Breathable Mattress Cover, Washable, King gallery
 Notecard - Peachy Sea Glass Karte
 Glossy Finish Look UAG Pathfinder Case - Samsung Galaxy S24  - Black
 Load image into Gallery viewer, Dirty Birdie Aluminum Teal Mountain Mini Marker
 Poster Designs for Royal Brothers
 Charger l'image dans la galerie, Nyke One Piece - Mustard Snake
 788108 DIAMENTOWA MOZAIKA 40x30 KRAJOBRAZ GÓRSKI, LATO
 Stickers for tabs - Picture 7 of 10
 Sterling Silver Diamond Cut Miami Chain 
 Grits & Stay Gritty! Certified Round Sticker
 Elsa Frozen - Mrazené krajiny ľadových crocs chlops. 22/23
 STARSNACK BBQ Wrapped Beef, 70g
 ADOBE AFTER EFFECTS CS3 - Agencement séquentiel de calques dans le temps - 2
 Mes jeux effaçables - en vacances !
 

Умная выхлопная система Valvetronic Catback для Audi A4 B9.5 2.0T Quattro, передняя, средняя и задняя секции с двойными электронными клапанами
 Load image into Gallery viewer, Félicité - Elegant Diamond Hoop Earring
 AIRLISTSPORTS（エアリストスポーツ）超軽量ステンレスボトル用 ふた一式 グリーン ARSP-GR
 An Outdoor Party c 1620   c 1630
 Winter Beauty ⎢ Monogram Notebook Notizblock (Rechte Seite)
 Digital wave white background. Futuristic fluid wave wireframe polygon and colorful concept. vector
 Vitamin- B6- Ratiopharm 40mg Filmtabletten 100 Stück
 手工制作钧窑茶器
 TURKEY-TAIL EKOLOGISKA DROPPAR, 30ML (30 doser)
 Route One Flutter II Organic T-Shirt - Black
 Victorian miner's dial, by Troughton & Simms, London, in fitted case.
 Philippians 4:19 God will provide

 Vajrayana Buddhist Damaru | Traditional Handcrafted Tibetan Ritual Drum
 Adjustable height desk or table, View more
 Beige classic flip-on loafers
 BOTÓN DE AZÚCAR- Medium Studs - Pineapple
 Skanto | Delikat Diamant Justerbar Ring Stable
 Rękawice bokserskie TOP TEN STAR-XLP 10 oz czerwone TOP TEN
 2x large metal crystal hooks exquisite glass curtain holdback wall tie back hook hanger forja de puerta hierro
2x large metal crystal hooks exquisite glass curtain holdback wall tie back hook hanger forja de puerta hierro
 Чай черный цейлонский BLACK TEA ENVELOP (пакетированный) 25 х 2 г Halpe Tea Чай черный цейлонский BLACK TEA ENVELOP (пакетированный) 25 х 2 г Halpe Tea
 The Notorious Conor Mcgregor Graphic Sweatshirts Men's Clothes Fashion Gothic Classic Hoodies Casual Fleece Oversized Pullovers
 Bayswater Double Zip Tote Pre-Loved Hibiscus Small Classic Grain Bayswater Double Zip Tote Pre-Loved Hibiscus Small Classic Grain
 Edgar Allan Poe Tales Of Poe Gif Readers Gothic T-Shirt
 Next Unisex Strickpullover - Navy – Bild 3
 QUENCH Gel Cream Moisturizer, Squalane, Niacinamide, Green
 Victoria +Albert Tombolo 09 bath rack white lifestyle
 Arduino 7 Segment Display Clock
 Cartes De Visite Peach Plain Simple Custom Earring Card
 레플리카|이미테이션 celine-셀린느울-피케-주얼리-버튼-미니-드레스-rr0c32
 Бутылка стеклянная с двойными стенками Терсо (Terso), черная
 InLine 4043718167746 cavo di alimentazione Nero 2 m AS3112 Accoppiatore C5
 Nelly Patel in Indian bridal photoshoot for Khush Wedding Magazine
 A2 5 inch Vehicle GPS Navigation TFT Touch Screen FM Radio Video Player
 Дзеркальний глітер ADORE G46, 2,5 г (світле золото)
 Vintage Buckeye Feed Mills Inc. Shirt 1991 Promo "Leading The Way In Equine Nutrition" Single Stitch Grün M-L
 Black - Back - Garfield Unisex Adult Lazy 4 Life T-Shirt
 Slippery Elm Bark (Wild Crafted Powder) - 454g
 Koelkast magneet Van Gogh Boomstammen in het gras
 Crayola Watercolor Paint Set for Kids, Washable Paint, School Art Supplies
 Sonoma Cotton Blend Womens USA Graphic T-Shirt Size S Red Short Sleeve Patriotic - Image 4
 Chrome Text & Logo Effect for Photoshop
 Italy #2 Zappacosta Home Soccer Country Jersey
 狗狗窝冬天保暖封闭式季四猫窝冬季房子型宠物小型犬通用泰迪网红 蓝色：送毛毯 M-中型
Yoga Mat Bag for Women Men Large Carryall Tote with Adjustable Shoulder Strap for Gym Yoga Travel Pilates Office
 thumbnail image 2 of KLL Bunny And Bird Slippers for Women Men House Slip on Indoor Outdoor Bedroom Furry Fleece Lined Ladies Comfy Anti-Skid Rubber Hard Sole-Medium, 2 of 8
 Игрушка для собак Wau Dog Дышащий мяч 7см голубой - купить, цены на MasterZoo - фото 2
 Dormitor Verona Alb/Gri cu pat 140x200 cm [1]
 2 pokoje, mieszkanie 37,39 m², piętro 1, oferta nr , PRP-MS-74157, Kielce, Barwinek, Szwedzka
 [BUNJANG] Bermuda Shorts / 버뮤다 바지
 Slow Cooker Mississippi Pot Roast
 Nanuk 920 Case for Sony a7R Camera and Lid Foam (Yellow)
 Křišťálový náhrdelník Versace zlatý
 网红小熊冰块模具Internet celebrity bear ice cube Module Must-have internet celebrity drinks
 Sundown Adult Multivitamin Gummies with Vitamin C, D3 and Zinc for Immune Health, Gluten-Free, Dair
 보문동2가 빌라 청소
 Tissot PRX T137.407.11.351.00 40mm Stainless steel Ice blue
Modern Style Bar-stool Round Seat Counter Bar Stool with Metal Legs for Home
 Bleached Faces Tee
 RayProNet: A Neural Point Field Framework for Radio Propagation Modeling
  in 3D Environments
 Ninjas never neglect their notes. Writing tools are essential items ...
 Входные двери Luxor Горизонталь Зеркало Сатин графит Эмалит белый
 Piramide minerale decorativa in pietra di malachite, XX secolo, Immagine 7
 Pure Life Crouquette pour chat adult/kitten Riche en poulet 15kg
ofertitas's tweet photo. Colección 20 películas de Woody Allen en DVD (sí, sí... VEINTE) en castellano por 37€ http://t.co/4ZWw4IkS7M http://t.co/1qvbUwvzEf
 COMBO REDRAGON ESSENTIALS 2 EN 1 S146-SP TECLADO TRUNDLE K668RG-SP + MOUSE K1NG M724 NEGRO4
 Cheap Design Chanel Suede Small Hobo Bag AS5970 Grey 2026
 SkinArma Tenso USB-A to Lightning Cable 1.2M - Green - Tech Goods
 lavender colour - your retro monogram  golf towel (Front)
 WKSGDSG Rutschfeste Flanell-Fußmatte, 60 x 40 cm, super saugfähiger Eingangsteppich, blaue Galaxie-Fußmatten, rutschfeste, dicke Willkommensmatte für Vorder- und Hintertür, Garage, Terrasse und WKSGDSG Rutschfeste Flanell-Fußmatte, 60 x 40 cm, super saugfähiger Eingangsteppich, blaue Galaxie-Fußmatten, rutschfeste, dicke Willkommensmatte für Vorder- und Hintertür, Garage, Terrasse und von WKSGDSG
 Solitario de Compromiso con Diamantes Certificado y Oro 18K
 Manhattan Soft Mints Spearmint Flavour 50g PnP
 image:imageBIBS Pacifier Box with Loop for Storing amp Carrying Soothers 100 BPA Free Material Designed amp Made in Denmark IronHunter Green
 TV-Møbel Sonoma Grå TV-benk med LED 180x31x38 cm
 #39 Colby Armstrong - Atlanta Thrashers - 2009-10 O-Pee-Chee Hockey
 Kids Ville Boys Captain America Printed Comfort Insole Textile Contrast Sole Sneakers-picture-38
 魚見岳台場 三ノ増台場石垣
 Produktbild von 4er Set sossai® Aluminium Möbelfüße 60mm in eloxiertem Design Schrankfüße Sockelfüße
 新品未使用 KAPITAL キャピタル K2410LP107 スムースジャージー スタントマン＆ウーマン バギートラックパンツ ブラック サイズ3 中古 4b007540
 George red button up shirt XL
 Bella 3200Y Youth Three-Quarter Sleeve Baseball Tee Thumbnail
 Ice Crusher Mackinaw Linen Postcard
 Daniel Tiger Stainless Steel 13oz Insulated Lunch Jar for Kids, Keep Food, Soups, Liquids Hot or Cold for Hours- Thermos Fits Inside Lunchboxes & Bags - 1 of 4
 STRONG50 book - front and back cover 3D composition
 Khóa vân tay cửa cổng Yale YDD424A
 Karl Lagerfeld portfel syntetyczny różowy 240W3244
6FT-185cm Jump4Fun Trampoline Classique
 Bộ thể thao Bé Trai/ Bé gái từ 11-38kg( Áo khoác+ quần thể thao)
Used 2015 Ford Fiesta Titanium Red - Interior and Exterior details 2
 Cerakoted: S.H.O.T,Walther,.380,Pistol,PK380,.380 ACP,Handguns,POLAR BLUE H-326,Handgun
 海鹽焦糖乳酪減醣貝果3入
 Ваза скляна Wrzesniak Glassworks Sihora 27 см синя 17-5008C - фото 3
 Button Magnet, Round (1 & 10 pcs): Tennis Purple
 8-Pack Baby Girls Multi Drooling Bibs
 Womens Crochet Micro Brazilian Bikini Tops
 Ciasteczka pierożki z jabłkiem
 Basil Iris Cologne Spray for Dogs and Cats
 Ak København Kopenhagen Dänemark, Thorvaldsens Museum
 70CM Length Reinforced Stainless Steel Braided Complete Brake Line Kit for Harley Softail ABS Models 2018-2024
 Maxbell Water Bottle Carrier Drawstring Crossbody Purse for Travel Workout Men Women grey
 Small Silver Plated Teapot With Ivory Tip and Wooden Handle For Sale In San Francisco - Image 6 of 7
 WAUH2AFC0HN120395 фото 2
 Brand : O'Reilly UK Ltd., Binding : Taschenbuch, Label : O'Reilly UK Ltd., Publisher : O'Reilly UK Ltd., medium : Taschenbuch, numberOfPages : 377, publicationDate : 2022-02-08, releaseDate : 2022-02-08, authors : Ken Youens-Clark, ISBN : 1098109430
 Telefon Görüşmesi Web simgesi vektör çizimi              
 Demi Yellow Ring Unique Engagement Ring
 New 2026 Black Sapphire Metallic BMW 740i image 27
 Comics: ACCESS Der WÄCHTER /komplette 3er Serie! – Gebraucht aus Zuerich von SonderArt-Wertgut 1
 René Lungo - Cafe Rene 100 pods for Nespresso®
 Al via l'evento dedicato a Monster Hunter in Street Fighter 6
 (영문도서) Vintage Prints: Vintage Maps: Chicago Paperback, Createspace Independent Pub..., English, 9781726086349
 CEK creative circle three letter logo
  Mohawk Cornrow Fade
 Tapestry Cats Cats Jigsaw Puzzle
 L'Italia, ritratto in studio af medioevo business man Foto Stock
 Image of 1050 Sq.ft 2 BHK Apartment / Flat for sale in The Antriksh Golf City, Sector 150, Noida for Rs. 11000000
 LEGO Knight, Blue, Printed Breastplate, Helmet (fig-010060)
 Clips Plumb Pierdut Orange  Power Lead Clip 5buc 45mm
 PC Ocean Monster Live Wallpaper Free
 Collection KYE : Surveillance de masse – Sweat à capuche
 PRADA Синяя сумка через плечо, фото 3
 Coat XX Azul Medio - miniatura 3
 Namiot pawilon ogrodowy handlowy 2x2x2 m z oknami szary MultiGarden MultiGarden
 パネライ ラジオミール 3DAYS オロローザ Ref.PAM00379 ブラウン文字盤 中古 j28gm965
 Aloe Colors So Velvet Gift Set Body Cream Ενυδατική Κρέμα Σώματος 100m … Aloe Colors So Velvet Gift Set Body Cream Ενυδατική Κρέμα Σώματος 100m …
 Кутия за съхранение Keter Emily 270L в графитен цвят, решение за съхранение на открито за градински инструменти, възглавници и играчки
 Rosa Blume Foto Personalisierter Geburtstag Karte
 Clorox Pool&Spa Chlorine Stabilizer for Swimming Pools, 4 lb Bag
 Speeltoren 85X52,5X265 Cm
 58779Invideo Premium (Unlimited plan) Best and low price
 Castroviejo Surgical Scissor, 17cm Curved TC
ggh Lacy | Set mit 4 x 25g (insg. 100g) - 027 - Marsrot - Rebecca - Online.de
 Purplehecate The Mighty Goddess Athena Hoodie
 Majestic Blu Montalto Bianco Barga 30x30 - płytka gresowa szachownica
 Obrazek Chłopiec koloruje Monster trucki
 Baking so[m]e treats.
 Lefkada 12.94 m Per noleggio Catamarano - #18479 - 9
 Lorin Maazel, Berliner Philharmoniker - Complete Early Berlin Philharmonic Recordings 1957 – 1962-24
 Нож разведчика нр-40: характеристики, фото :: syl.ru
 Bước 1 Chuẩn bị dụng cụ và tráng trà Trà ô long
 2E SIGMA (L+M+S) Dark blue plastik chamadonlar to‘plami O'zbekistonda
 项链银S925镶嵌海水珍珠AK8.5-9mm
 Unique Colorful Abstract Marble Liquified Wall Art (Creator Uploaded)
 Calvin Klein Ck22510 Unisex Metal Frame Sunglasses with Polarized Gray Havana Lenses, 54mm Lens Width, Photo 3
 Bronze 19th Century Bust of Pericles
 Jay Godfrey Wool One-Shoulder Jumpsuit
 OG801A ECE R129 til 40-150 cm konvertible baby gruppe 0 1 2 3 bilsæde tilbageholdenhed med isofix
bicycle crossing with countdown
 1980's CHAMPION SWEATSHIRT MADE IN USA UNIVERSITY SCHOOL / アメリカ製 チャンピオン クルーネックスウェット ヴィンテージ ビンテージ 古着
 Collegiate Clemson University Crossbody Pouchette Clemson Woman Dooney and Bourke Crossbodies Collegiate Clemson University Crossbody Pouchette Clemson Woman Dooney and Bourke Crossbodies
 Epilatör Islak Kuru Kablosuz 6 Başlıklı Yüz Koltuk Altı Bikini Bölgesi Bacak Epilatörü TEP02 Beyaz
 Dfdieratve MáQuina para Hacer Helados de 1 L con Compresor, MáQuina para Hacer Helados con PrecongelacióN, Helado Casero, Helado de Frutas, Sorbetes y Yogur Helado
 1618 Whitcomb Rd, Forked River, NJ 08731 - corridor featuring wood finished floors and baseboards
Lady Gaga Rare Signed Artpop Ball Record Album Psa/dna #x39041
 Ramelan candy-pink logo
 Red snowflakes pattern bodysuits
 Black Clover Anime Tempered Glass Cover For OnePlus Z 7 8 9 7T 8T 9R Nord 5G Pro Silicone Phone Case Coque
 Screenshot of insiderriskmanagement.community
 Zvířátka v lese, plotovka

********************

» **Work to be completed**
Which lines in the data above hold the string "hook"? Return each of them.

» **Result**
 2x large metal crystal hooks exquisite glass curtain holdback wall tie back hook hanger forja de puerta hierro
2x large metal crystal hooks exquisite glass curtain holdback wall tie back hook hanger forja de puerta hierro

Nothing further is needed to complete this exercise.